I’m definitely looking forward to seeing the winning solutions, well done @vecxoz@KarimAmer and Daniel_FG! (I can only tag two users…)
My final solution (9th place) was a carefully tuned EfficientNetB3 (ensemble of crossfold) then a Kalman Filter. This was averaged with a 3D CNN with a 32 storm lookback. I attempted a CNN + LSTM, but started on that too late to get good results. Lesson learned.
" I attempted a CNN + LSTM, but started on that too late to get good results. Lesson learned."
you can freeze the CNN part and just use CNN to do image embeddings. Then train a LSTM on the embeddings to see quick results. If kaman filter works, then LSTM should work. THis roughly give you an estimate of the performance of LSTM.
After that, you can unfreeze the CNN to finetune (or retrain from scratch if desired).
Thanks to the organisers and congratulations to all the competitors. Looking forward to learn new things from the winning solutions.
Briefly, my approach consists of an ensemble of 10 models weighted by their performance on the public leader board. Models share the same architecture but were trained using different data splits.

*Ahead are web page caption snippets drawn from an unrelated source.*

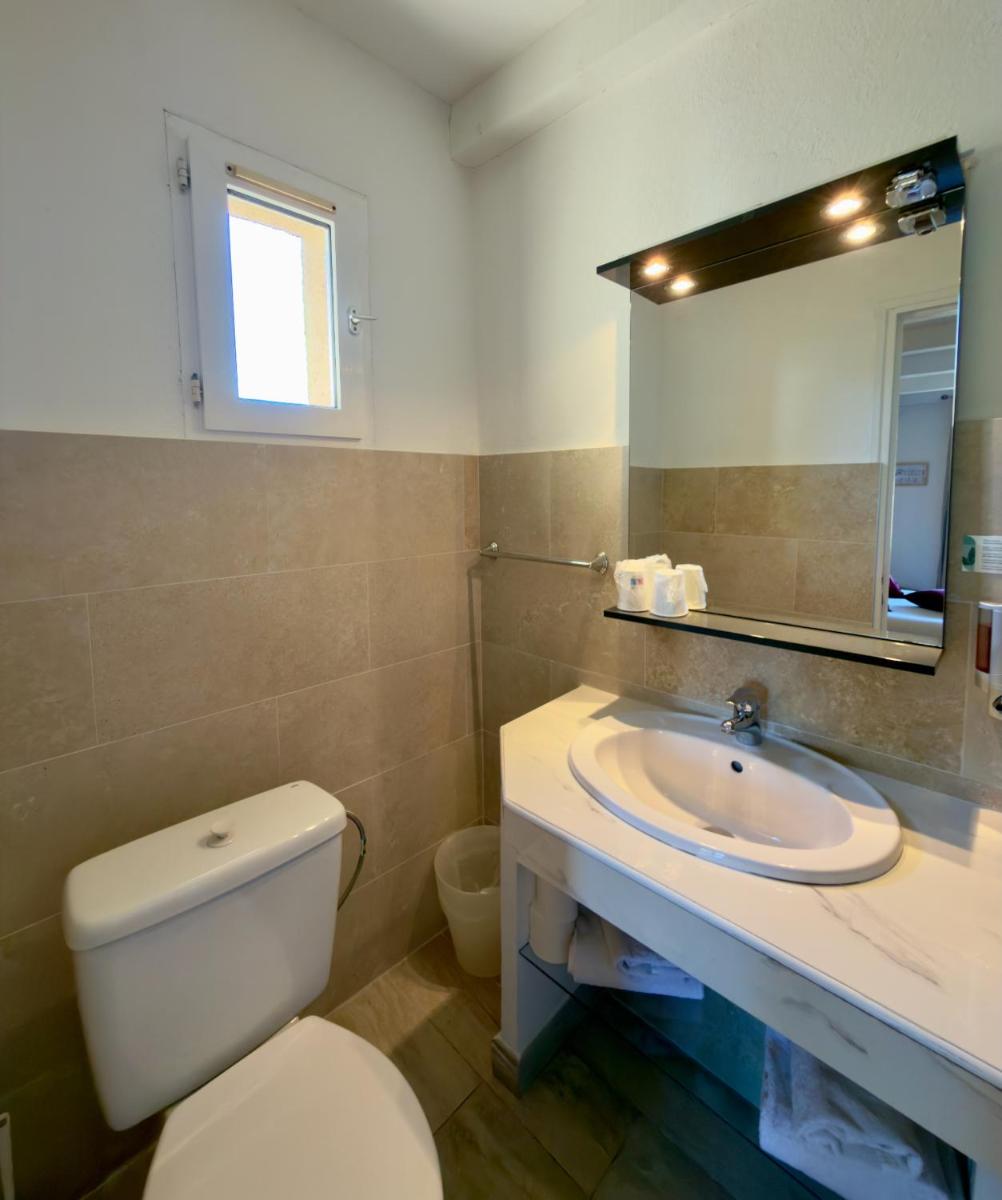 Salle de bains dans l'établissement Hôtel Casa Rossa & Spa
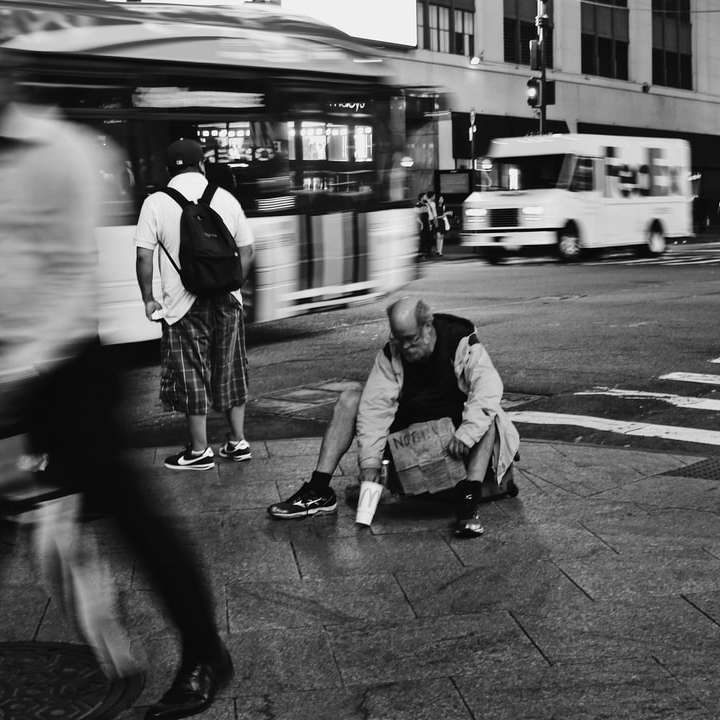 fotografie în tonuri de gri a unei femei în jachetă neagră așezată pe trotuar puzzle online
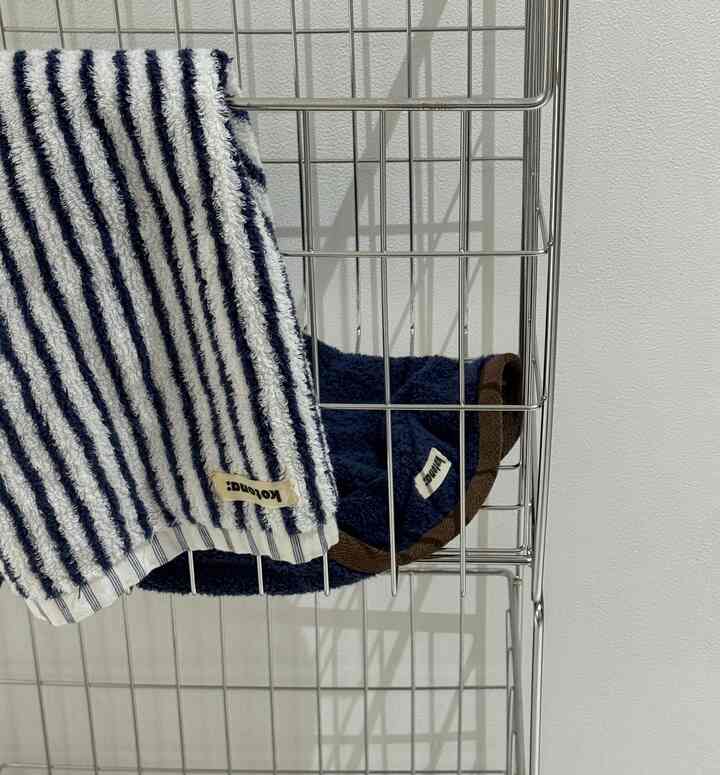 シルバーの金属製タオル掛けにネイビーとストライプのタオルが掛けられた、清潔感のあるバスルームの小物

Regarding the architecture I have used a ResNet18 (due to memory limitations) to extract feature vectors for every frame. Thereafter, a BiLSTM has been used to compute accurate speed variations. Finally, both forward and backward BiLSTM’s hidden outputs are passed through a LSTM to forecast the wind speed at the last time-step.
Models have been trained using 25 x 366 x 366 frames. Moreover, a data augmentation technique that increases/reduce the frame-rate from 0 to 3 has been used. I have also applied TTA (rot90 + flips)
Hope to have time this month to clean my code up and upload it to GitHub.